_ACTIVITY_:
The required result is an exact copy of every line from the one with "李冰冰演白发魔女敬业 练武刮伤手臂背部【图】" through the last line below, with the pictures left out.

————

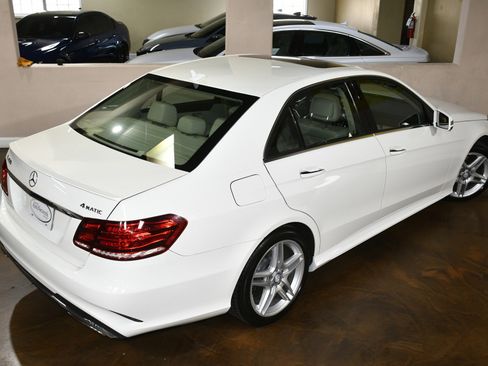 Used 2014 Mercedes-Benz E 350 4MATIC Sedan image 79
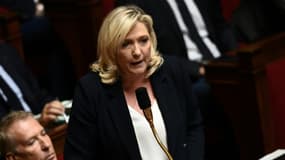 La députée française (RN) Marine Le Pen à l'Assemblée nationale le 18 octobre 2022 à Paris.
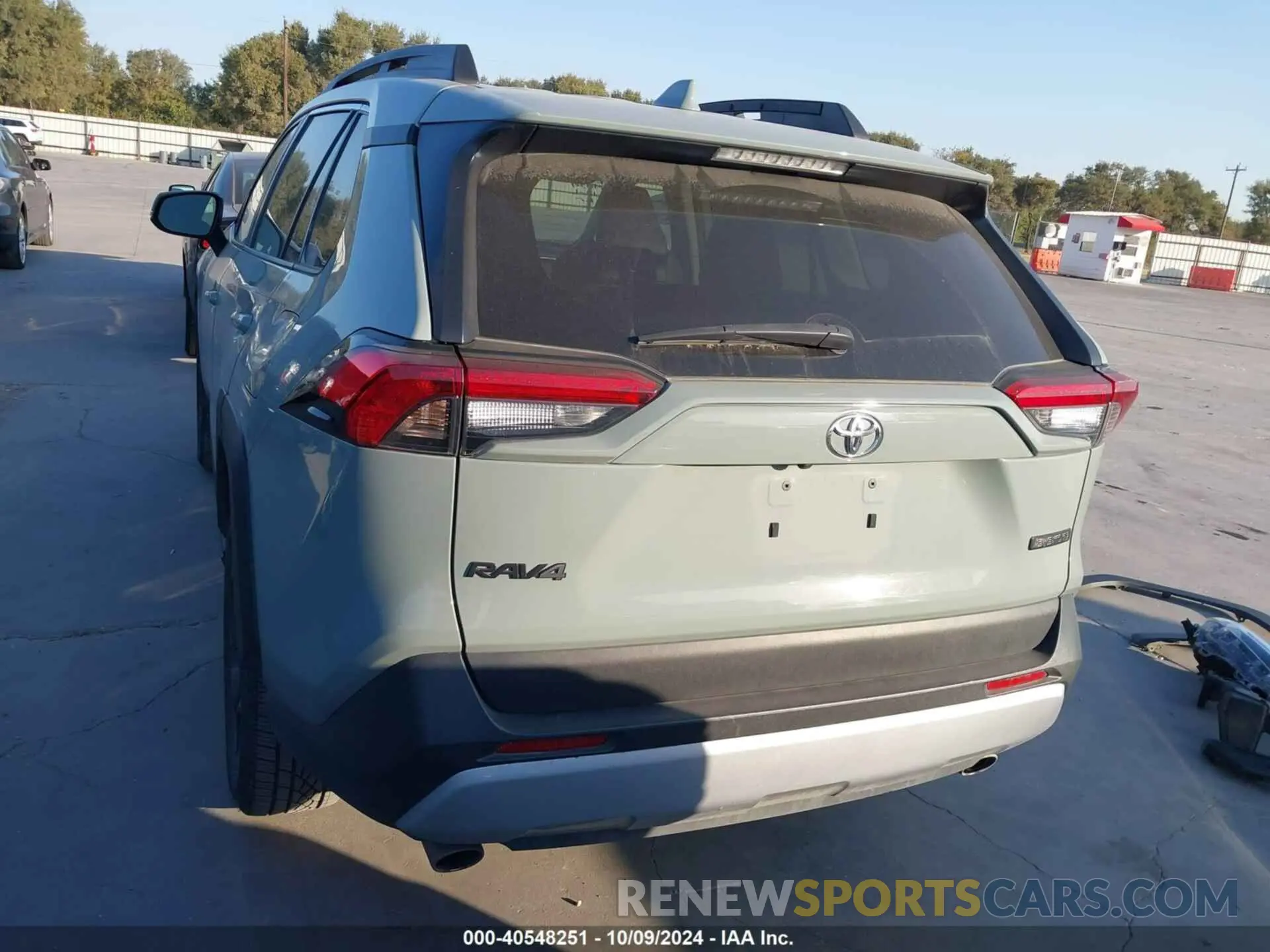 17 Photograph of a damaged car 2T3J1RFV5NW296807 TOYOTA RAV4 2022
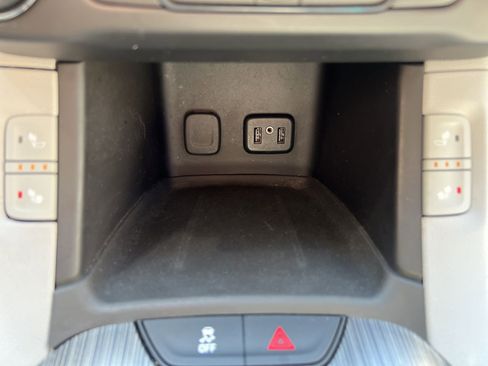 Used 2019 GMC Acadia SLT AWD/4WD image 33
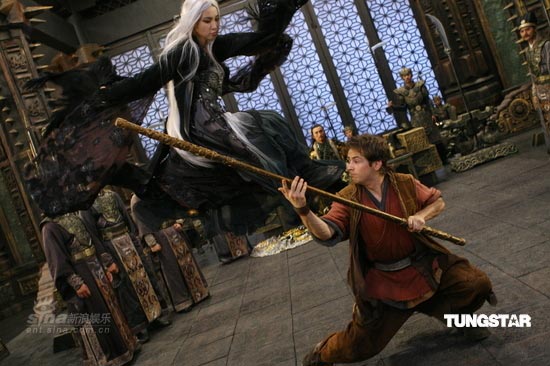 李冰冰演白发魔女敬业 练武刮伤手臂背部【图】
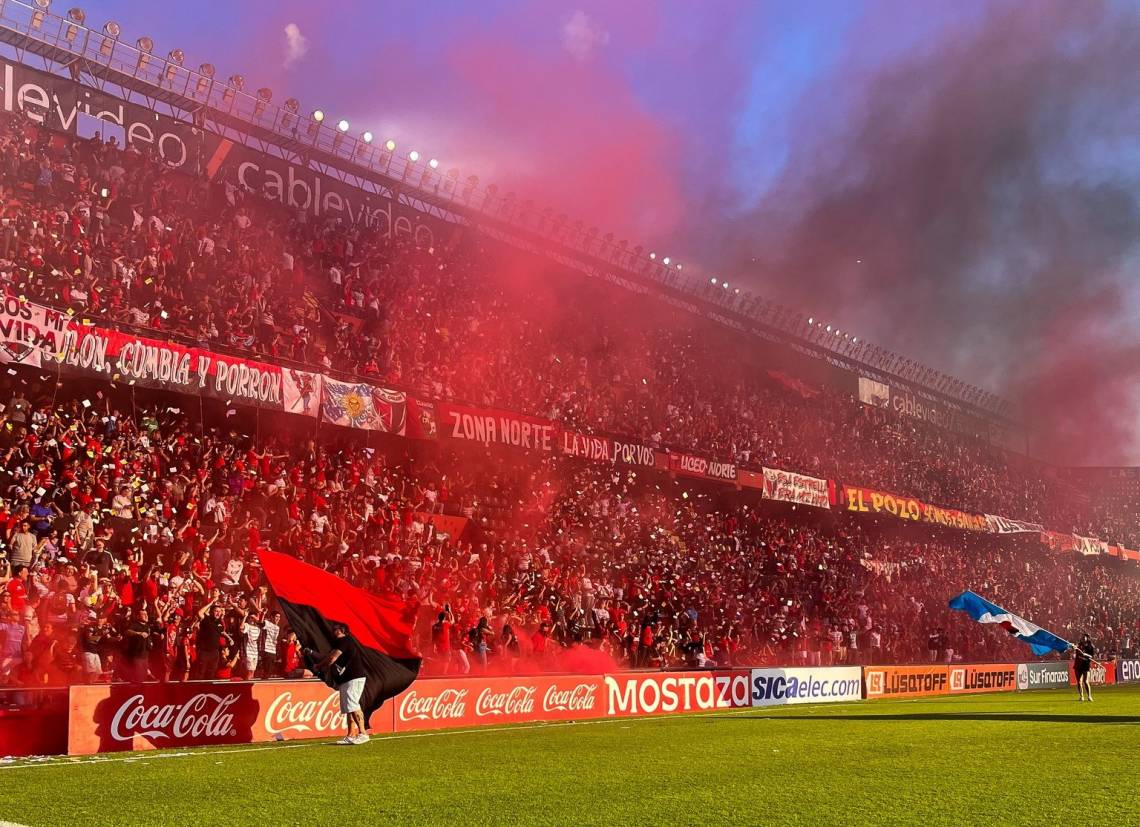 Colón arranca la temporada 2025 de la Primera Nacional.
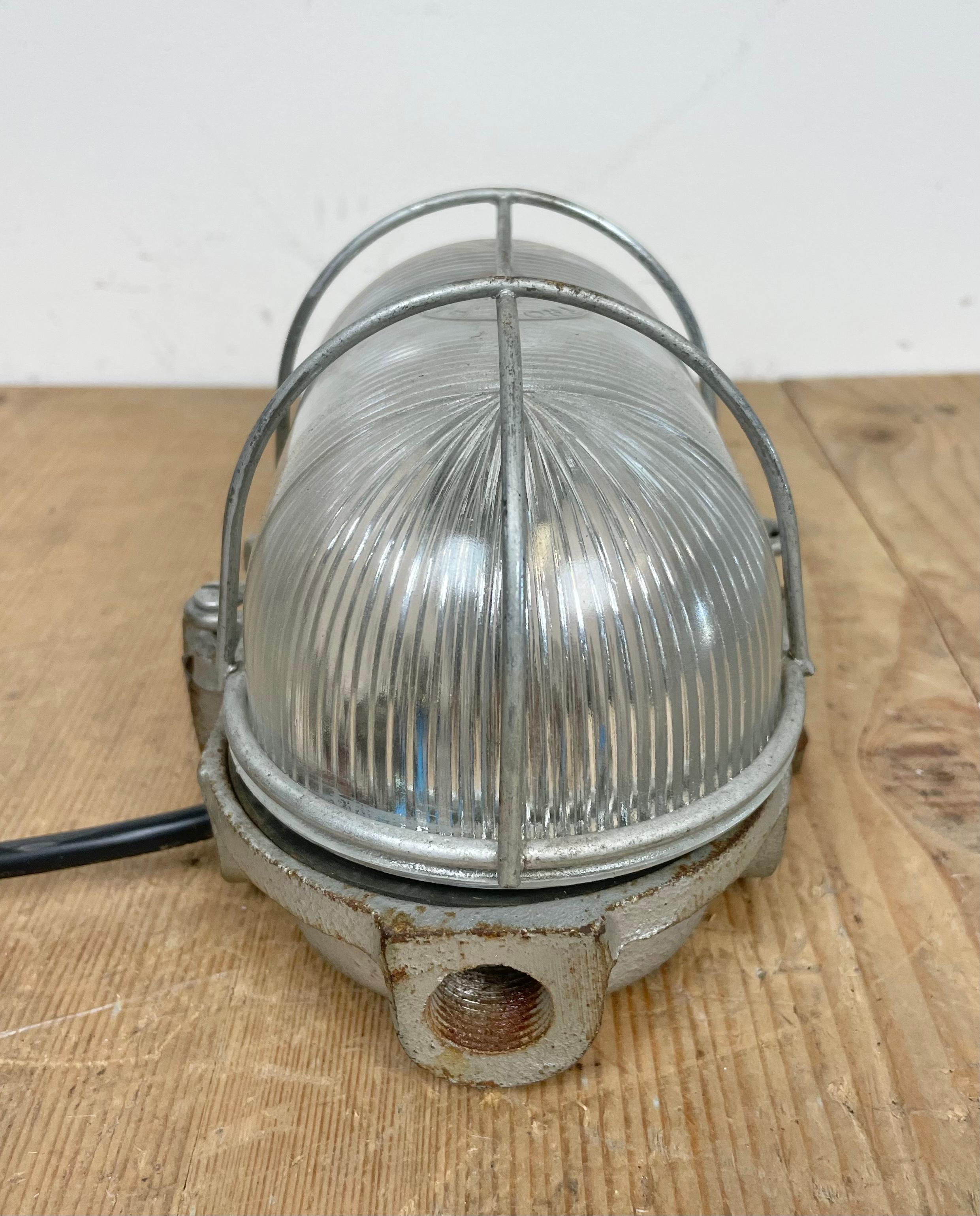 Lámpara de pared industrial francesa de hierro fundido de Electro Fonte, París, años 60 siglo XX en venta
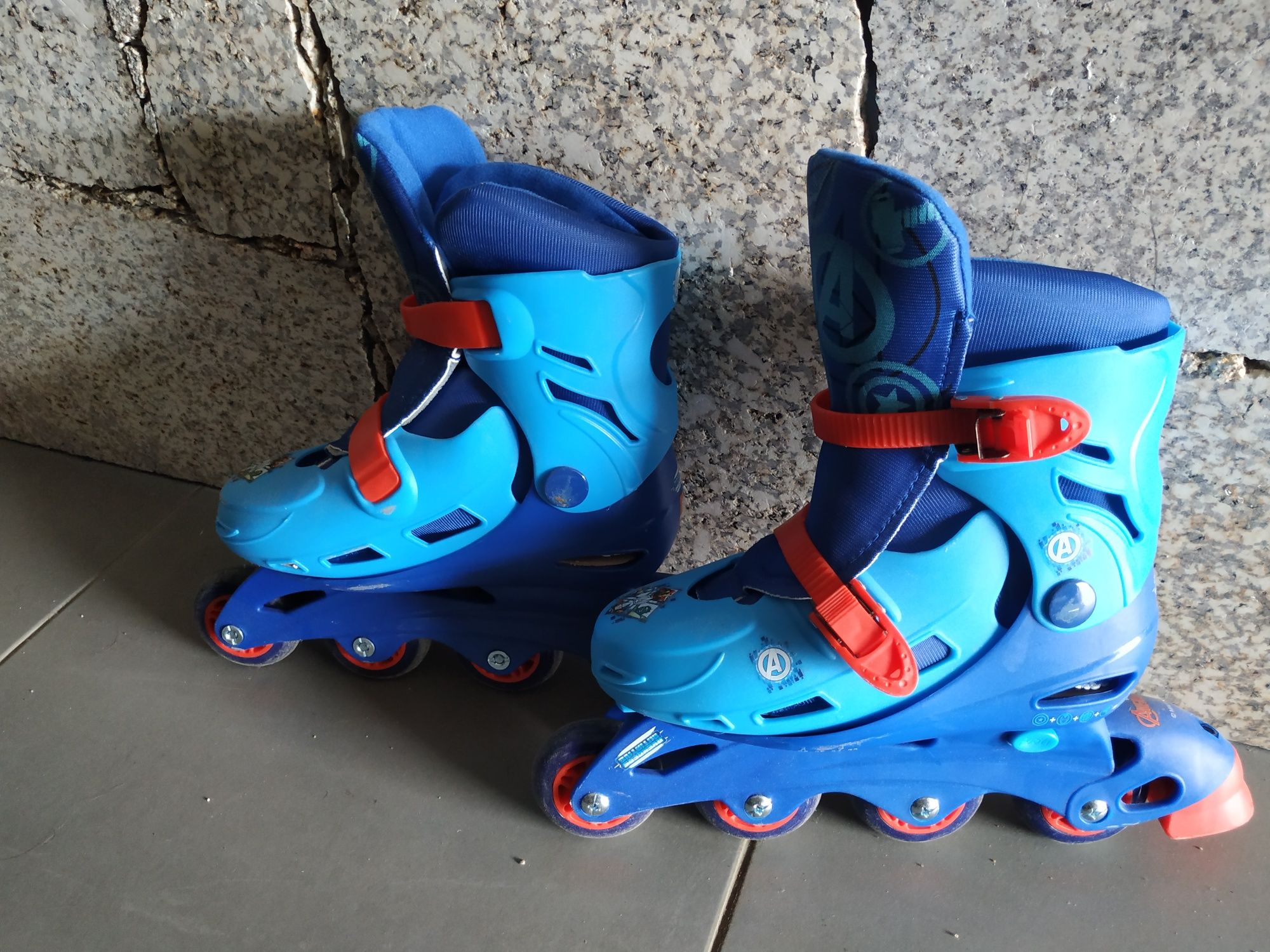 Par de patins de 4 rodas em linha Avengers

————

_THE ANSWER_:
 李冰冰演白发魔女敬业 练武刮伤手臂背部【图】
 Colón arranca la temporada 2025 de la Primera Nacional.
 Lámpara de pared industrial francesa de hierro fundido de Electro Fonte, París, años 60 siglo XX en venta
 Par de patins de 4 rodas em linha Avengers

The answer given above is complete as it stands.